* **EXERCISE PROMPT**
Apart from the pictures, output all of the records exactly.

*** TASK INPUT ***

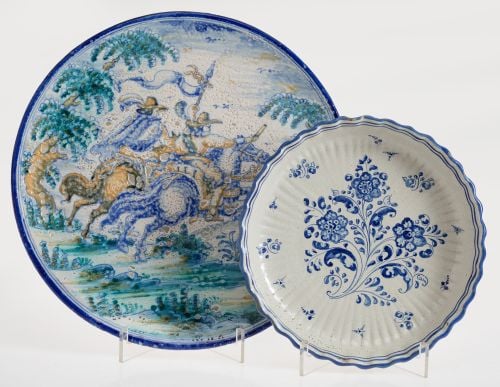 Two ceramic plates, Niveiro, Talavera de la Reina, Spain, m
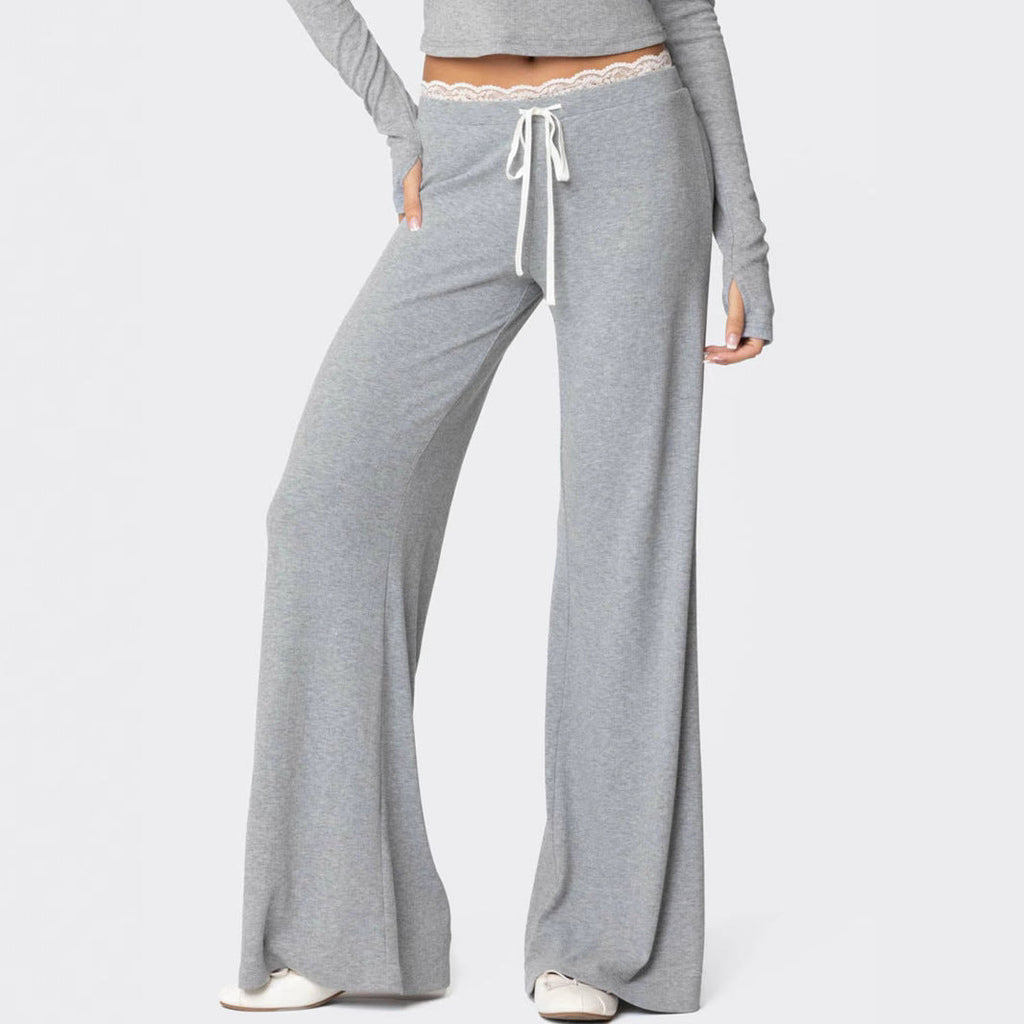 Pantalon de loisirs gris clair pour femmes avec taille élastique et finition en dentelle décorative R&B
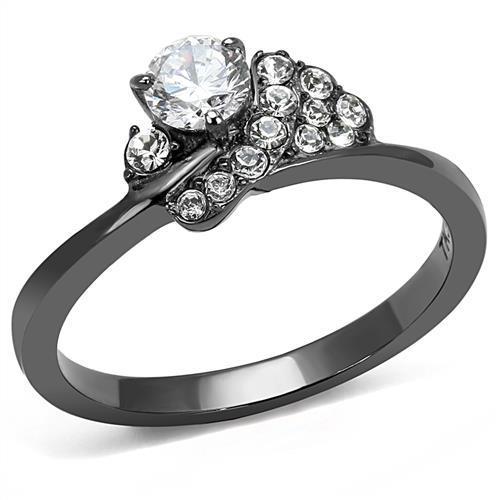 Women Stainless Steel Cubic Zirconia Ring with light black finish and clear round stones, showcasing elegance and style.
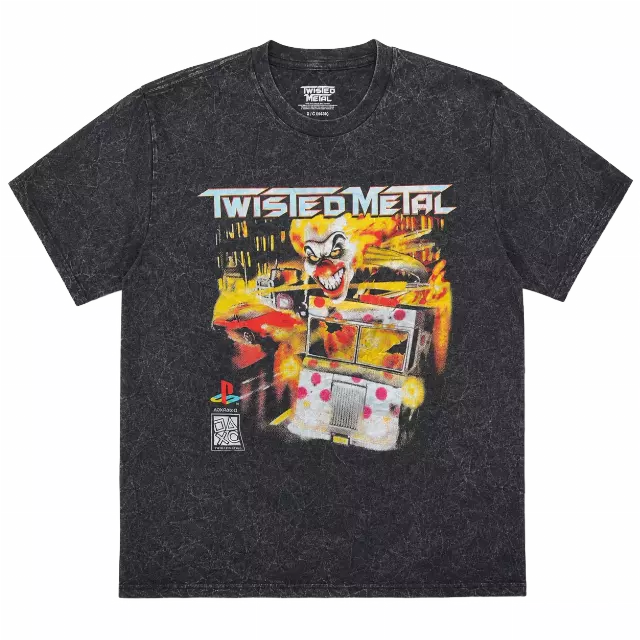 TWISTED METAL ARTWORK T-SHIRT BLACK MINERAL WASH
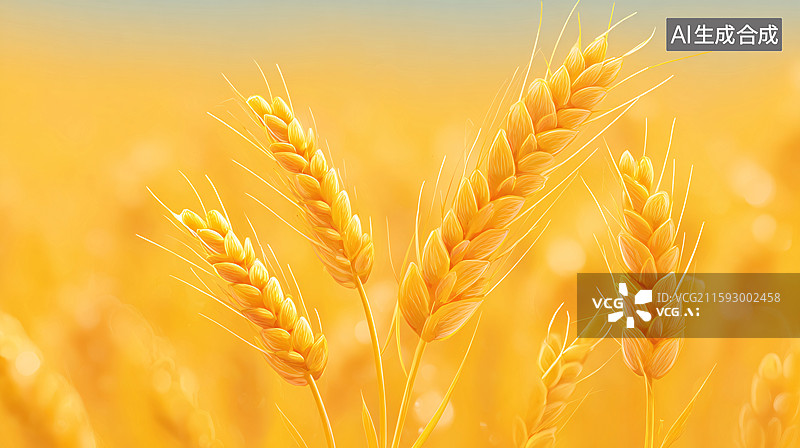 【AI数字艺术】金色麦田插画图片素材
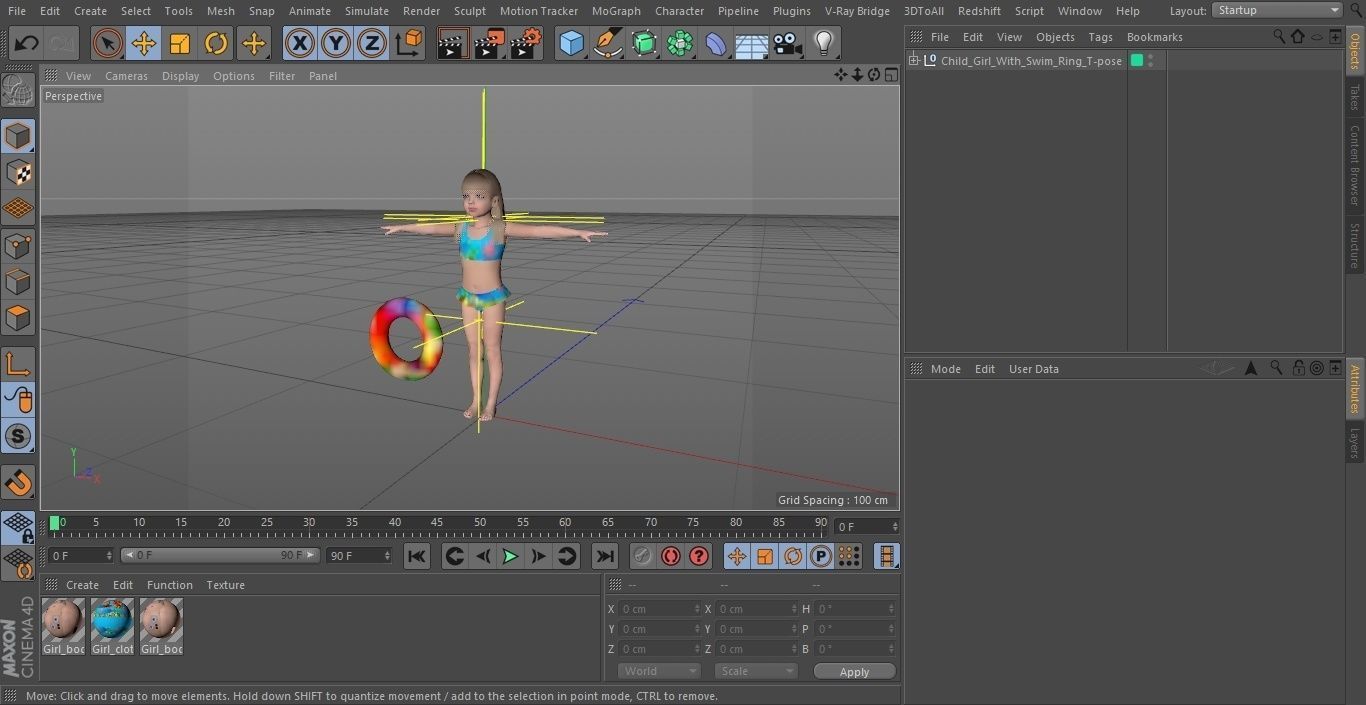 Child Girl With Swim Ring T-pose 3D model_26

*** End of TASK INPUT ***

* **EXERCISE RESULT**
 Two ceramic plates, Niveiro, Talavera de la Reina, Spain, m
 Pantalon de loisirs gris clair pour femmes avec taille élastique et finition en dentelle décorative R&B
 Women Stainless Steel Cubic Zirconia Ring with light black finish and clear round stones, showcasing elegance and style.
 TWISTED METAL ARTWORK T-SHIRT BLACK MINERAL WASH
 【AI数字艺术】金色麦田插画图片素材
 Child Girl With Swim Ring T-pose 3D model_26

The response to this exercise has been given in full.